- **Given entries**:
___

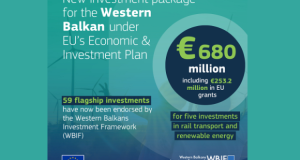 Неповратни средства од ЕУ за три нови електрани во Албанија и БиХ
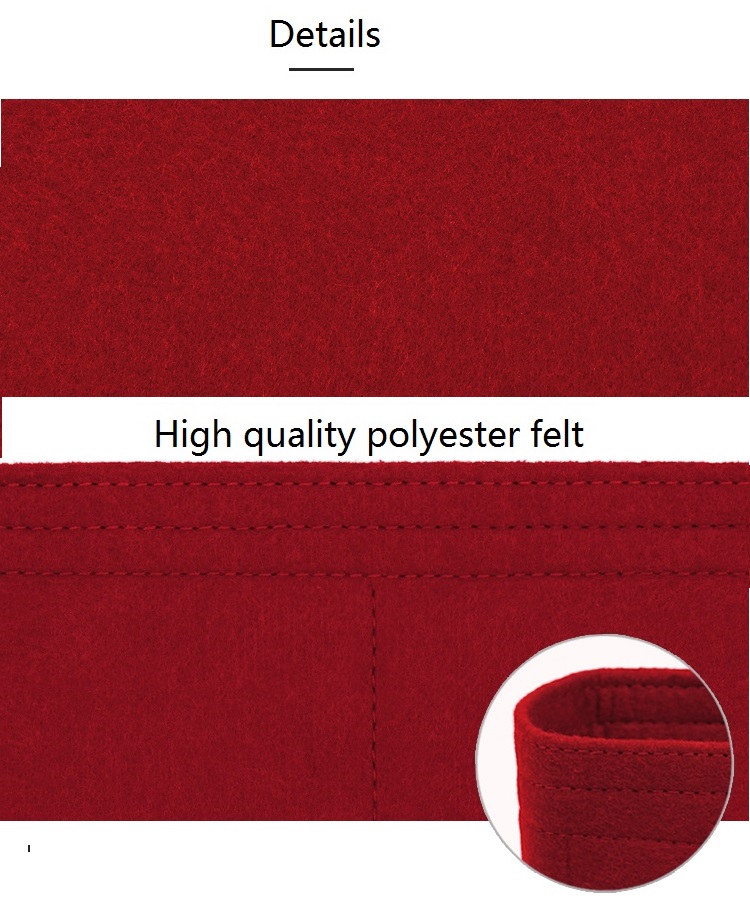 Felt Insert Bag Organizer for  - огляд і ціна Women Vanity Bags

___

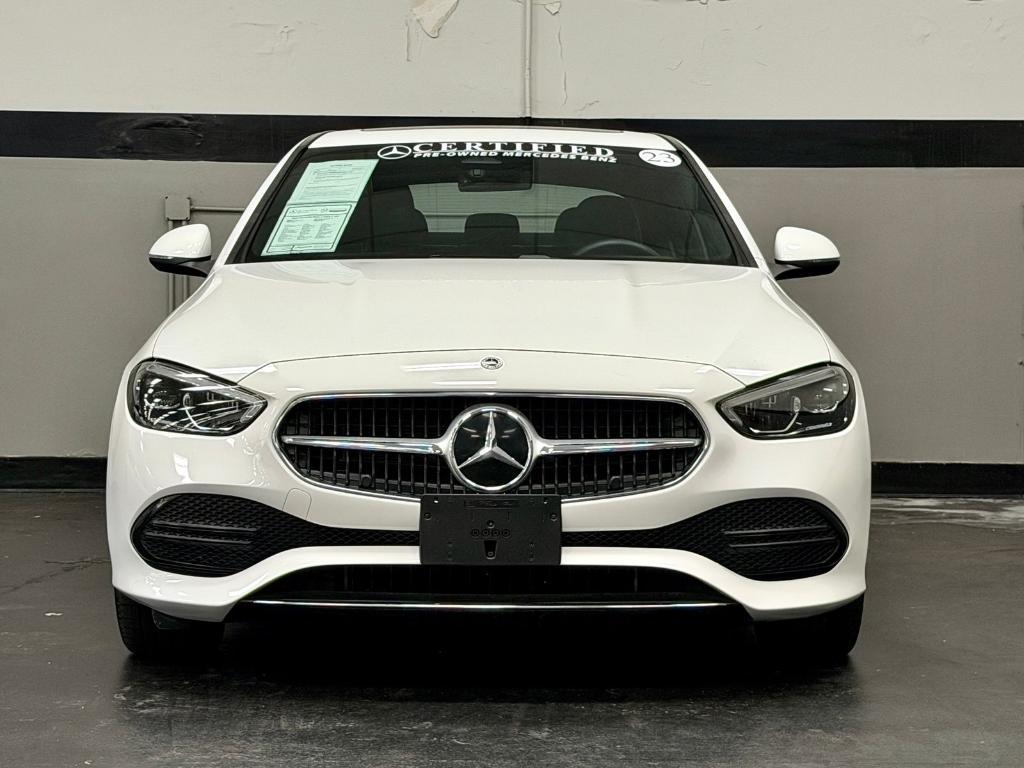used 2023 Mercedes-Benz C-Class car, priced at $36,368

___

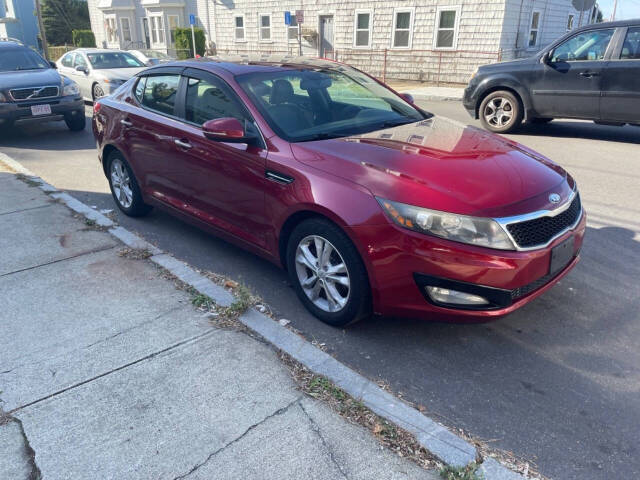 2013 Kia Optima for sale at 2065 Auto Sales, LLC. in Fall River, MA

___

- **Problem**: Since the pictures are not part of the copy, please transcribe only the lines above from the one with "Неповратни средства од" through the one with "Felt Insert Bag", exactly and with both ends.

- **Solution to this task**:
 Неповратни средства од ЕУ за три нови електрани во Албанија и БиХ
 Felt Insert Bag Organizer for  - огляд і ціна Women Vanity Bags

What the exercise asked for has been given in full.